Bradley Gourley, from Wolverhampton, armed himself with a large kitchen knife after the crew were called to his home late at night on a 111 call, a court heard.

He was drunk and agitated when the paramedics arrived and became even more violent when his mother tried to calm him down.

Gourley, aged 24, of Wood End Road, Wednesfield, went into the street armed with the knife after a dog that he was looking after ran away and he blamed the ambulance crew for letting it escape.

He brandished the knife in the face of one paramedic and told him he would kill him unless he found the animal.

Aggressive

Judge David Evans told him: “When the dog got out your reaction was irrational, bizarre and excessive.
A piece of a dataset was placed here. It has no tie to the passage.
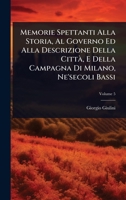 Memorie Spettanti Alla Storia, Al Governo Ed Alla Descrizione Della CittÃ, E Della Campagna Di Milano, Ne'secoli Bassi (Italian Edition) 1024028062 Book Cover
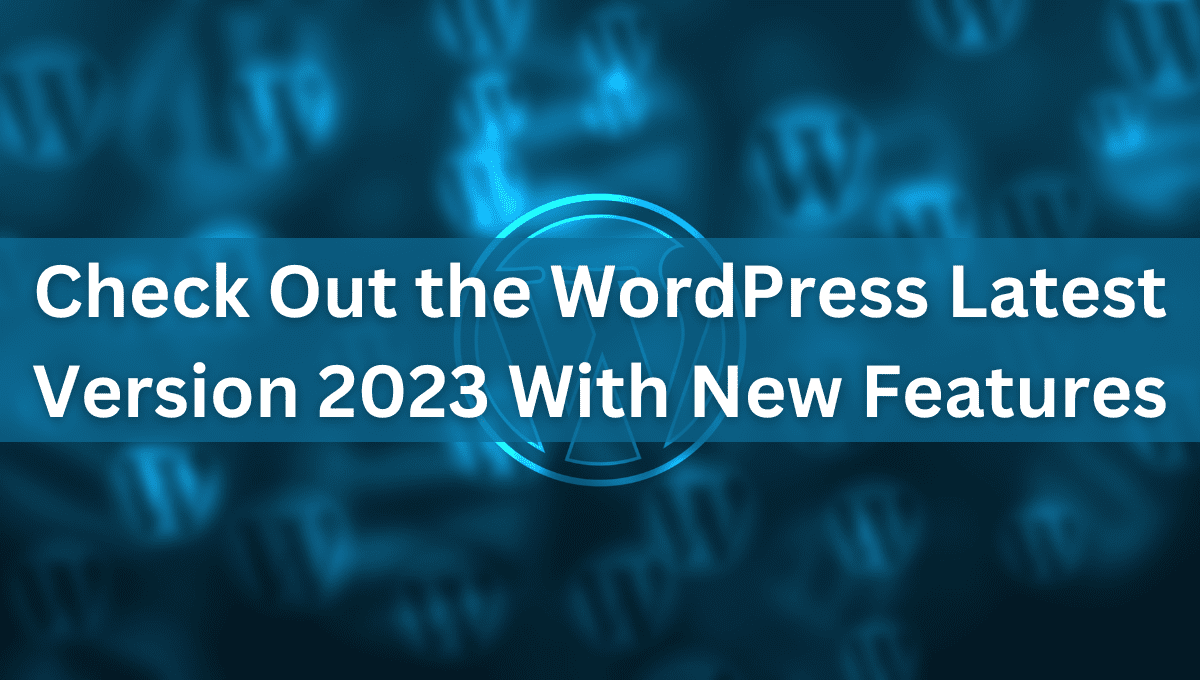 Check out the latest version of WordPress with new features in 2023.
You picked up a kitchen knife and went right in the face of the paramedic.

“You held the knife at his head so close and so aggressively that a student who was with the crew was so fearful she got into the ambulance and locked the doors.

“You have come within a hair’s breadth of imprisonment.”

Miss Kelly Scrivener, defending, said Gourley was staying at a friend’s house in Briseham Road, Brixham, and looking after his dog when the ambulance was called at 1am on July 15 last year.

The crew found he was drunk and upset but he became violent after his mother attended and the crew withdrew to the street to leave them together.

Gourley became angry when the animal escaped and threatened the crew with the knife, which he put back in the kitchen before police arrived.

Mr Barry White, defending, said Gourley suffers from serious physical and mental after-effects of abuse in childhood.

He said the events of the night were hugely stressful and were ‘a perfect storm for him’.

Gourley admitted making threats with a knife and was jailed for eight months, suspended for 18 months.

He was also given a 28-day curfew, ordered to undergo alcohol treatment and do 30 days rehabilitation activities by Judge Evans at Exeter Crown Court.